BGH zu Unterhaltspflicht: Matthias Matussek (Welt) setzt sich in einem Essay aus Anlass des Urteils des Bundesgerichtshofs zur Unterhaltspflicht von Kindern gegenüber pflegebedürftigen Eltern mit aktuellen Familienkonzeptionen auseinander. Er kommentiert hierzu auch mediale Reaktionen auf die Entscheidung und spannt einen Bogen zum "wohl schönsten Familienfilm aller Zeiten", der Trilogie "Der Pate".
BSG zu Hartz IV: Die SZ (Claus Hulverscheidt) berichtet über eine nun veröffentlichte Entscheidung des Bundessozialgerichts, nach der Hartz IV-Empfänger nicht in jedem Fall dazu gezwungen werden können, ihr Vermögen vor einem Leistungsempfang vollständig aufzubrauchen, etwa in dem sie eine Lebensversicherung auflösen. Vielmehr müssten die Jobcenter in einer Einzelfallprüfung feststellen, ob die Auflösung verhältnismäßig sei oder hierdurch unzumutbare Verluste entstünden.

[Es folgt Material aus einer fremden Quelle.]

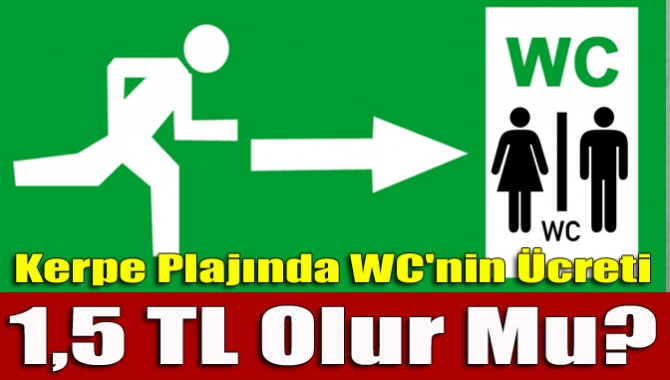 Kerpe plajında bulunan WC’nin ücretine zam gelmesine tepki gösteren Kerpe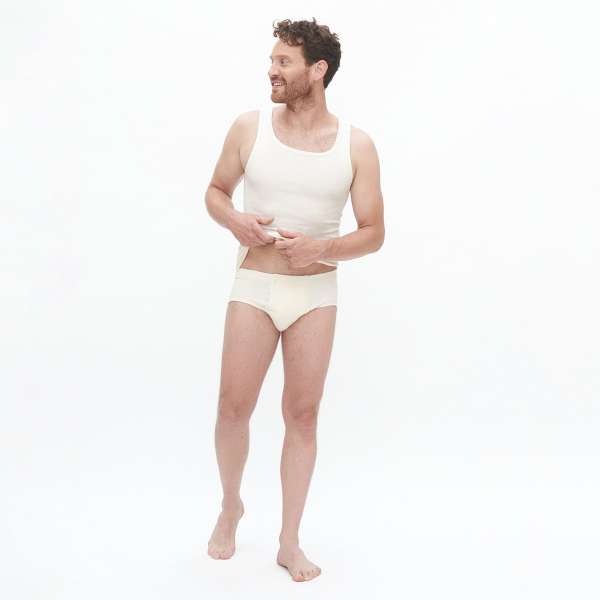 Herren Slips mit Eingriff aus 100% Bio Baumwolle - bequem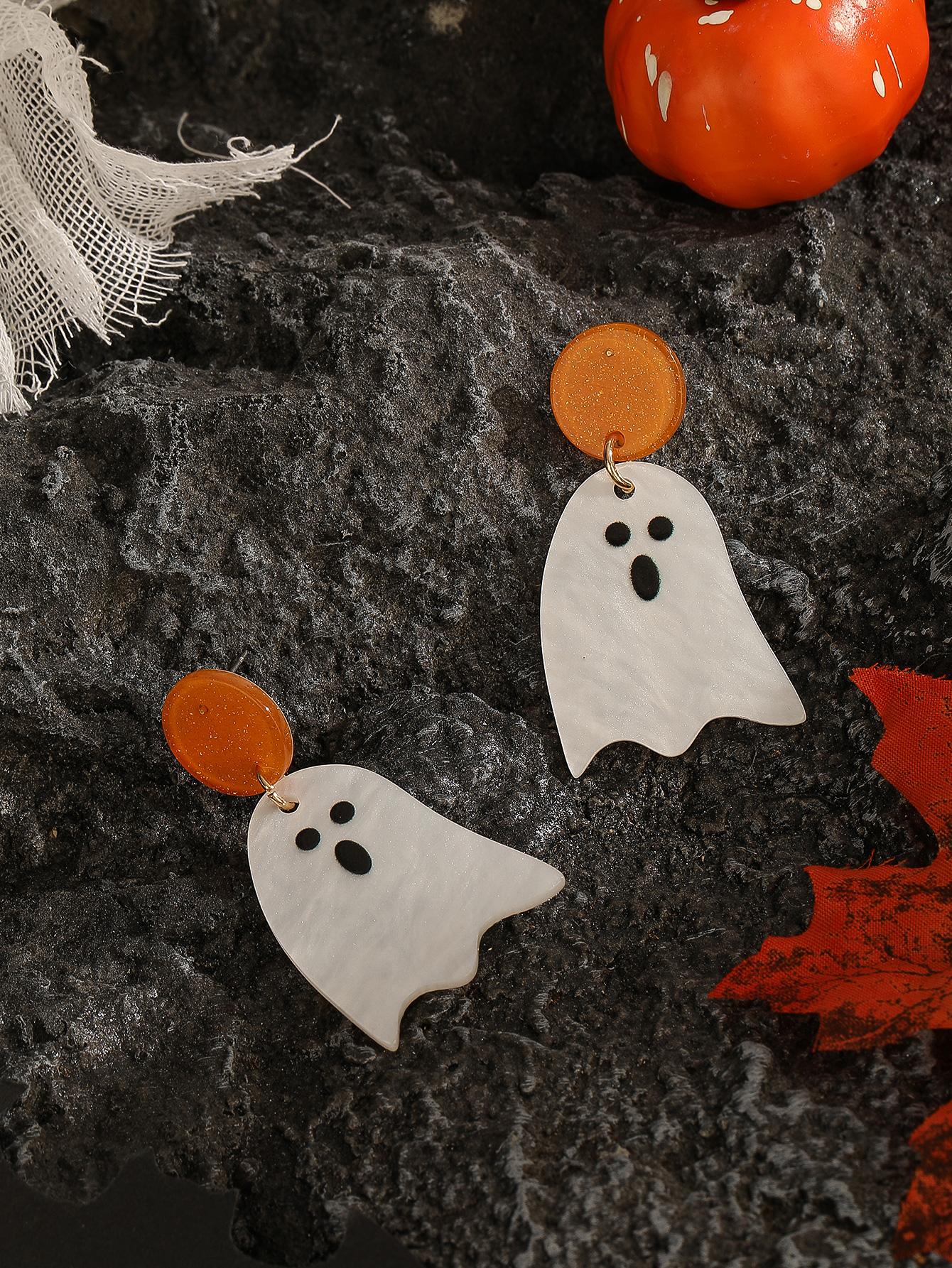 Hallows Eve Ghost Drop Earrings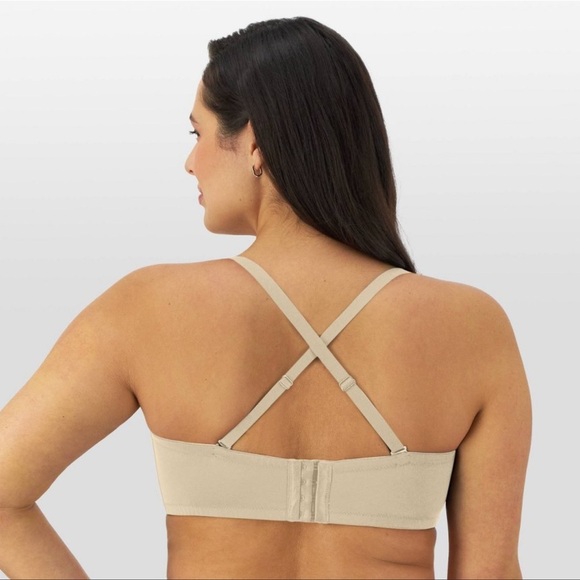 NWT Bali Full Coverage Strapless Multiway Bra 36DD Taupe - Picture 4 of 5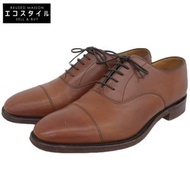 ROKE 男士ブラウン直頭真皮鞋，7碼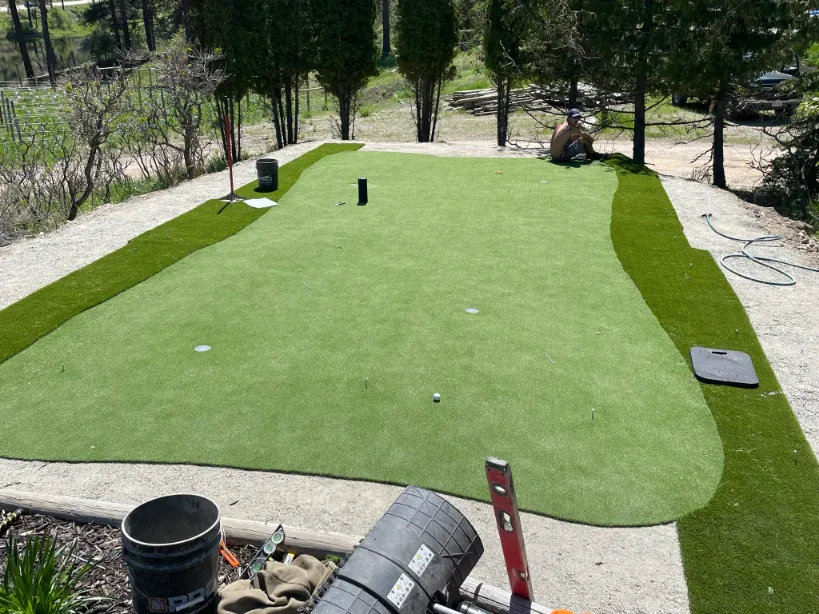 Artificial turf installation in Osoyoos and Oliver BC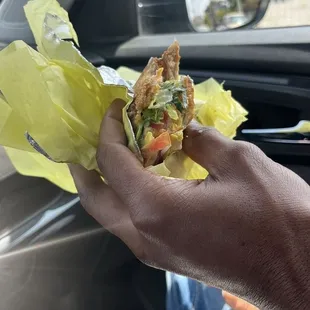 Beef Link Breakfast Sandwich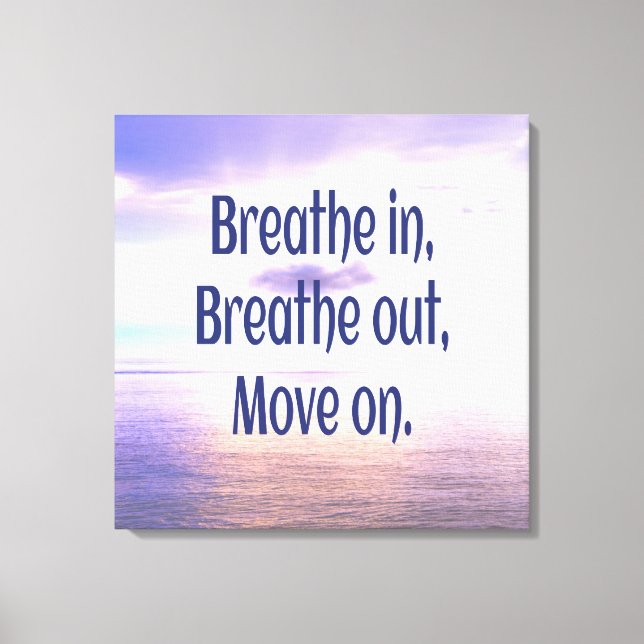 Toile Respiration, Respiration, Avance, Motivation (Recto)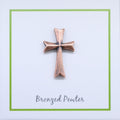 Cross Copper Lapel Pin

OLG München – NSU-Prozess: Die taz-Nord (Andreas Speit) berichtet über eine mögliche Zeugenbeeinflussung durch Holger G., einen der Mitangeklagten im Verfahren gegen Beate Zschäpe vor dem Oberlandesgericht München. G., der als Hauptbelastungszeuge auftrete, sei zumindest ursprünglich dem Zeugenschutzprogramm des Bundeskriminalamts zugeteilt gewesen, ob dies nach wie vor der Fall sei, habe die Behörde auf Anfrage nicht beantworten wollen.
OLG München zu Kirch: Der jahrelange Rechtsstreit zwischen der Deutschen Bank und den Erben Leo Kirchs ist mit einem vor dem Oberlandesgericht München geschlossenen Vergleich beendet worden. Wie die SZ (Klaus Ott/Andrea Rexer) schreibt, einigten sich die Parteien auf eine vom Geldinstitut zu leistende Zahlung von mehr als 925 Millionen Euro, die nach Informationen der Zeitung auch gleich überwiesen worden seien. Im Gegenzug zögen die Nachkommen Kirchs alle noch anhängigen Klagen gegen die Bank zurück. Auch die FAZ (Joachim Jahn) berichtet und bietet in einem weiteren Beitrag (Hans-Josef Susenburger) die "Chronik eines Debakels für Banker und ihre Juristen."
Marc Beise (SZ) kommentiert, dass die Dauer des Verfahrens auch der juristischen Vertretung der Bank geschuldet sei: "sonst extrem selbstbewusste Manager" hätten "viel zu lange" der Argumentation ihrer Anwälte, nach der eine Einigung Aktionärsklagen nach sich ziehen könnten, vertraut. Die gefundene Lösung bedeute dagegen die Rückkehr unternehmerischer Vernunft.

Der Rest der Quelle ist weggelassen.